**INPUT RECORDS:**
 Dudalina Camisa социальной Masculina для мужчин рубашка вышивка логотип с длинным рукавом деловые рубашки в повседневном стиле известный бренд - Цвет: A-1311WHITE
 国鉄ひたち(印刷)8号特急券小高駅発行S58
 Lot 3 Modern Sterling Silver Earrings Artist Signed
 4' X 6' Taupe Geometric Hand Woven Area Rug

==

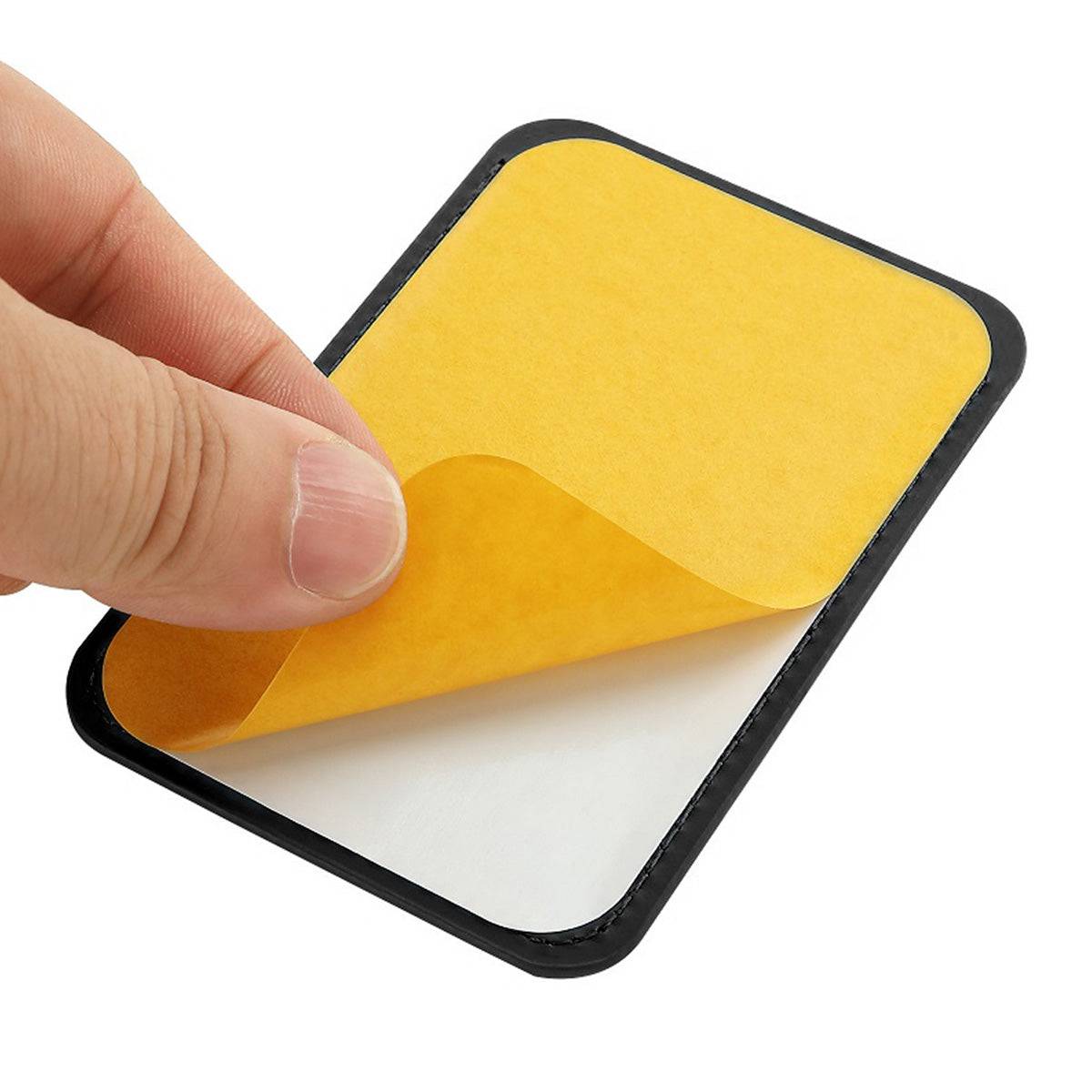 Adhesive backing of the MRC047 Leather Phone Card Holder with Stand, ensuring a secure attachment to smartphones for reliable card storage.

==

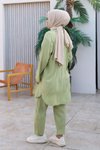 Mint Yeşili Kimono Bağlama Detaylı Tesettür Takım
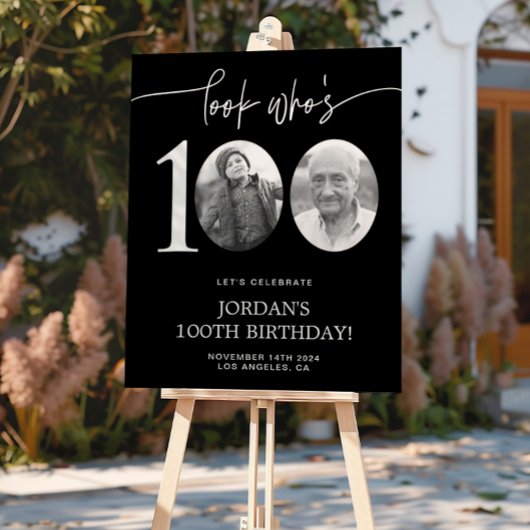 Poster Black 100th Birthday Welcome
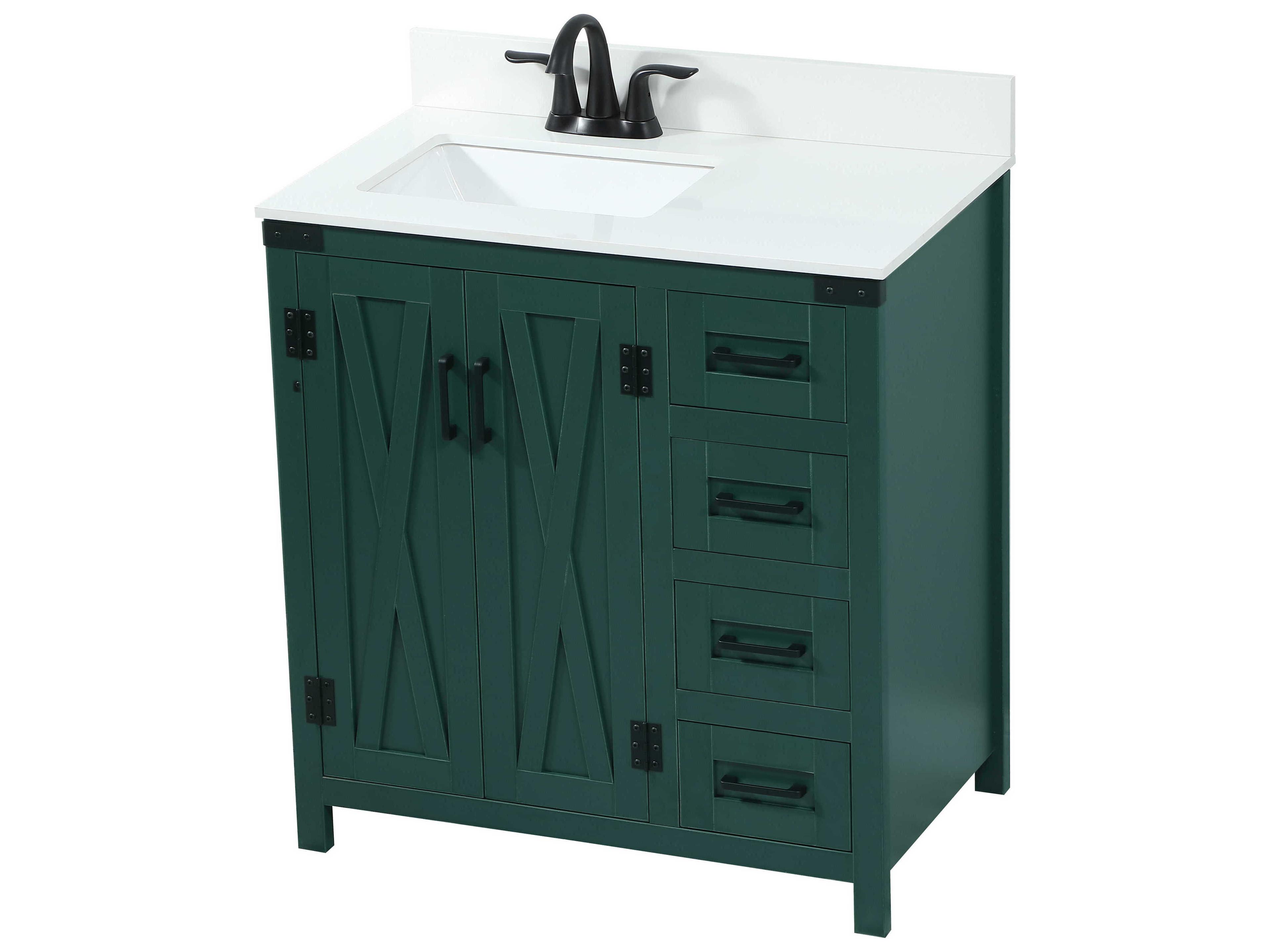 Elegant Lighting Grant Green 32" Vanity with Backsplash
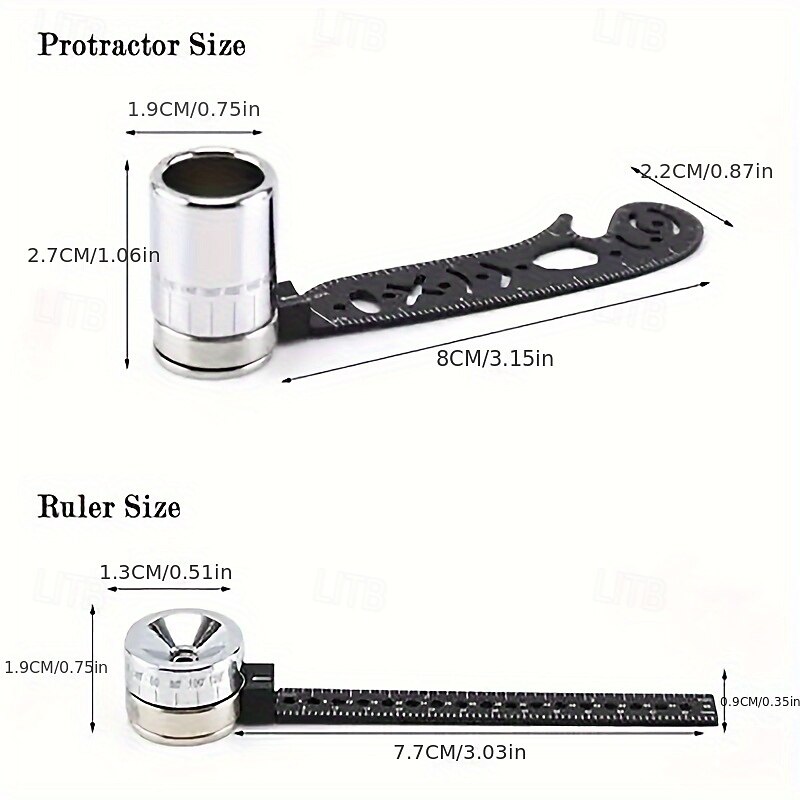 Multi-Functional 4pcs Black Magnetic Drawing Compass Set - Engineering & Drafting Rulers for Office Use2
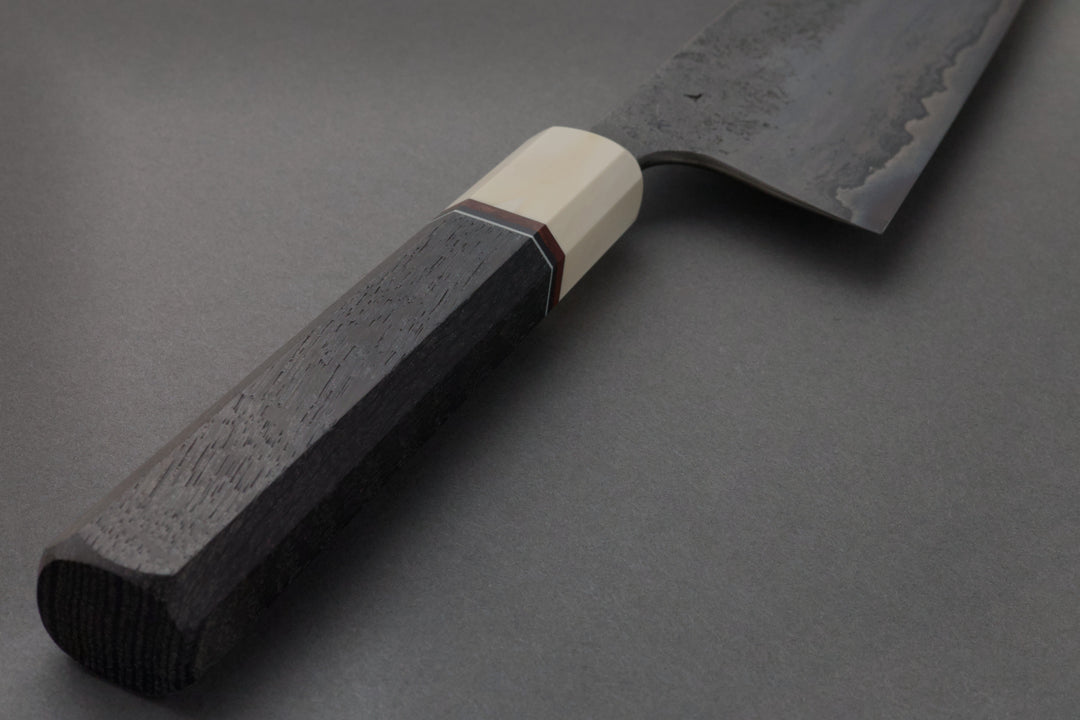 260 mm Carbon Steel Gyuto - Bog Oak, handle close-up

**INSTRUCTIONS TO FOLLOW:** Could you retype exactly the lines above, starting at the line that contains "国鉄ひたち(印刷)8号特急券小高駅発行S58" and ending at the line that contains "4' X 6' Taupe Geometric Hand Woven Area Rug", and nothing more?

**SOLVED PROBLEM:**
 国鉄ひたち(印刷)8号特急券小高駅発行S58
 Lot 3 Modern Sterling Silver Earrings Artist Signed
 4' X 6' Taupe Geometric Hand Woven Area Rug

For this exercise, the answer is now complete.